TO DO: Look for the line with "6 Photograph of"; please transcribe it and every later line in the entries exactly, up to the end, leaving pictures out.

EXCERPTED RECORDS:

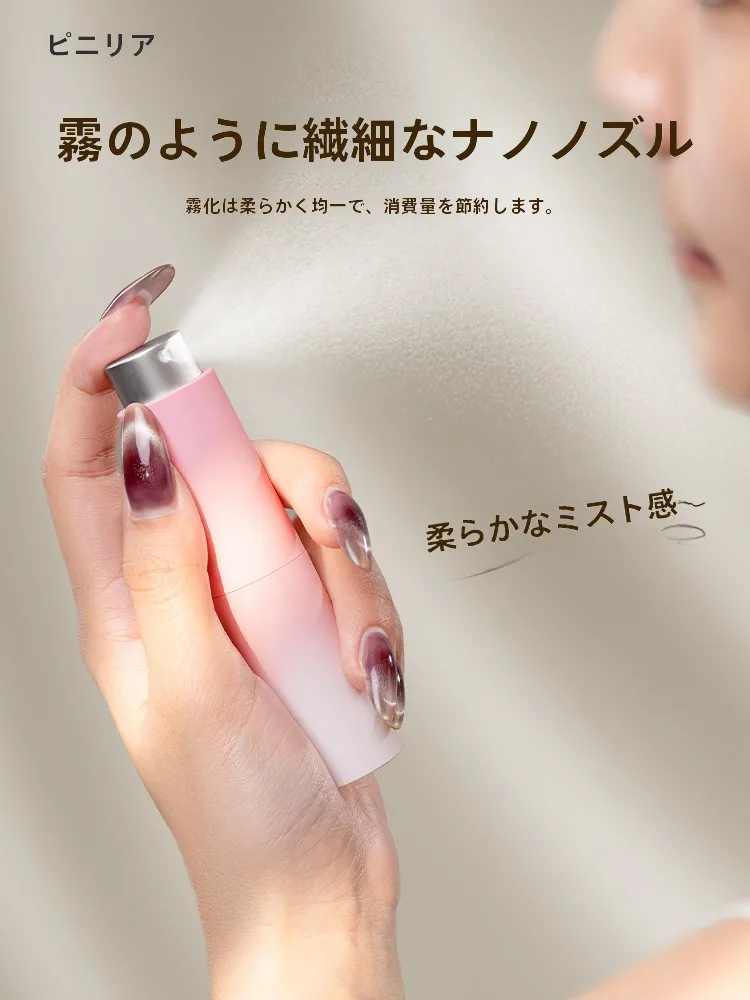 青い香水ボトルを選ぶべき理由は？実は「青」が伝える、メンズの内面の色に気づくこと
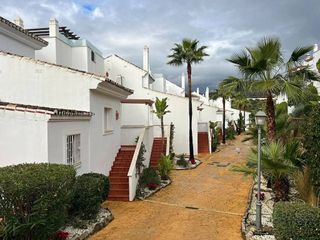 Piso en alquiler en Los Naranjos - Las Brisas en Marbella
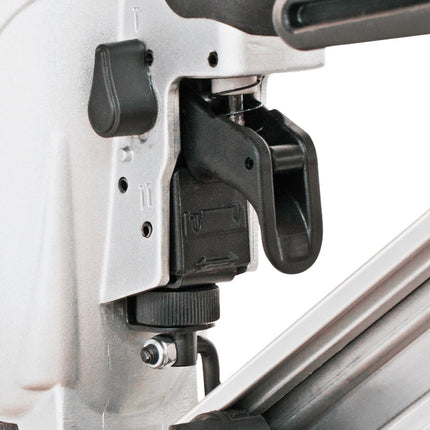 Makita AF635 8 Bar Brad Tacker 15 Ga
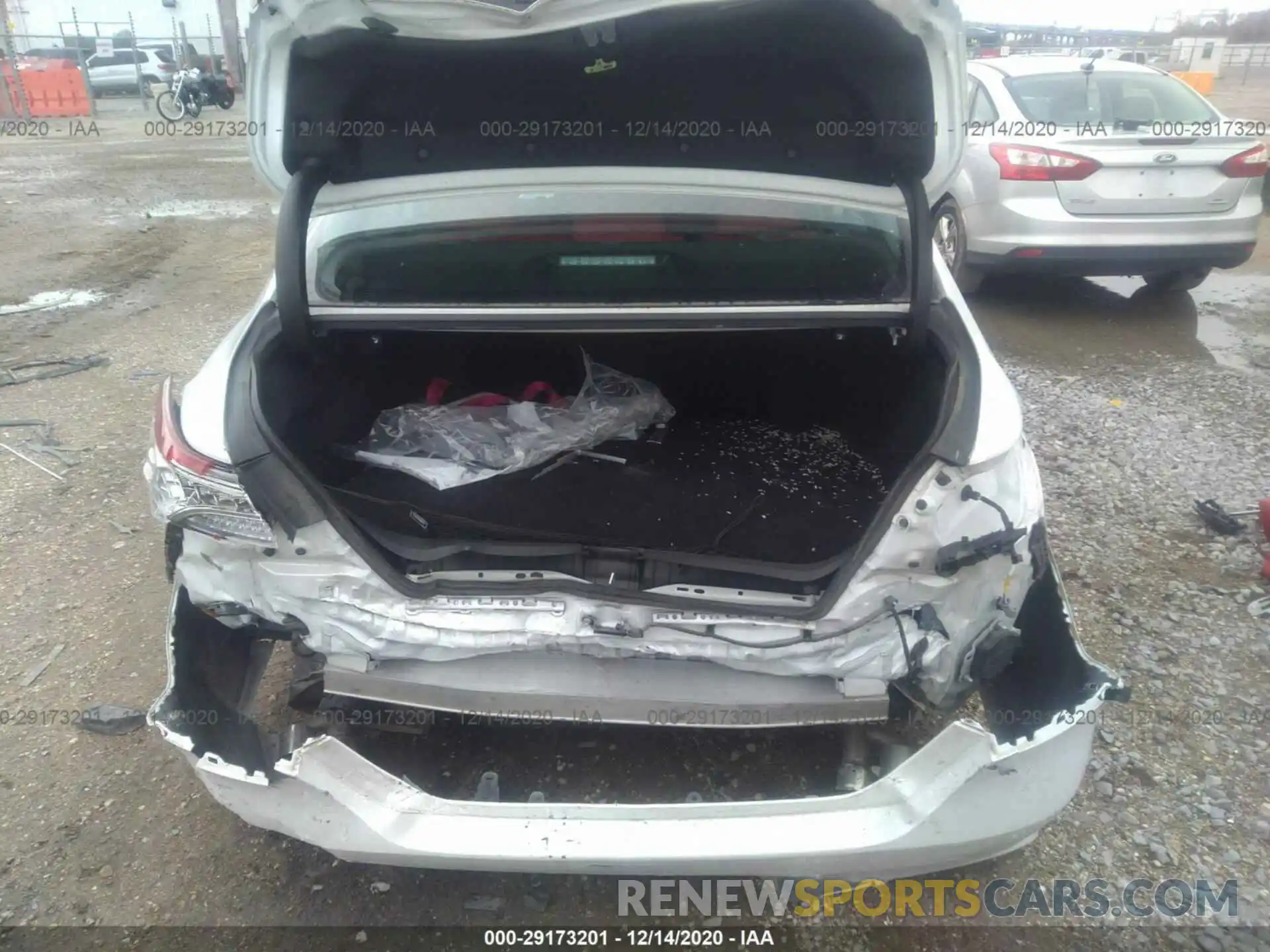 6 Photograph of a damaged car 4T1B61HK0KU799420 TOYOTA CAMRY 2019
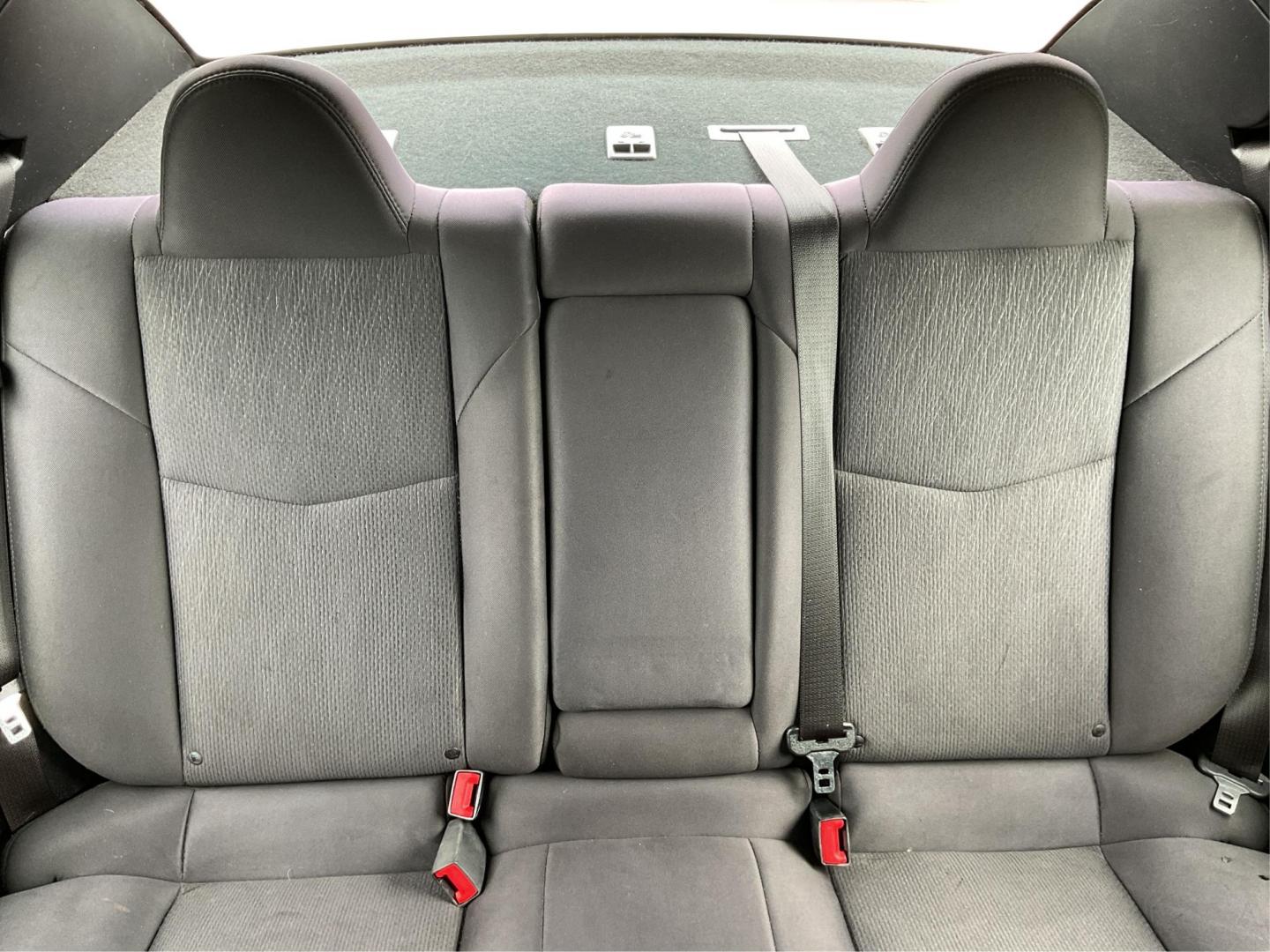 2012 Chrysler 200 LX (1C3CCBAB7CN) with an 2.4L L4 DOHC 16V engine, 6-Speed Automatic transmission, located at 1099 N County Rd 25A, Troy, OH, 45373, (937) 908-9800, 40.057079, -84.212883 - 2012 Chrysler 200 LX - Photo#14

EXPECTED OUTPUT:
 6 Photograph of a damaged car 4T1B61HK0KU799420 TOYOTA CAMRY 2019
 2012 Chrysler 200 LX (1C3CCBAB7CN) with an 2.4L L4 DOHC 16V engine, 6-Speed Automatic transmission, located at 1099 N County Rd 25A, Troy, OH, 45373, (937) 908-9800, 40.057079, -84.212883 - 2012 Chrysler 200 LX - Photo#14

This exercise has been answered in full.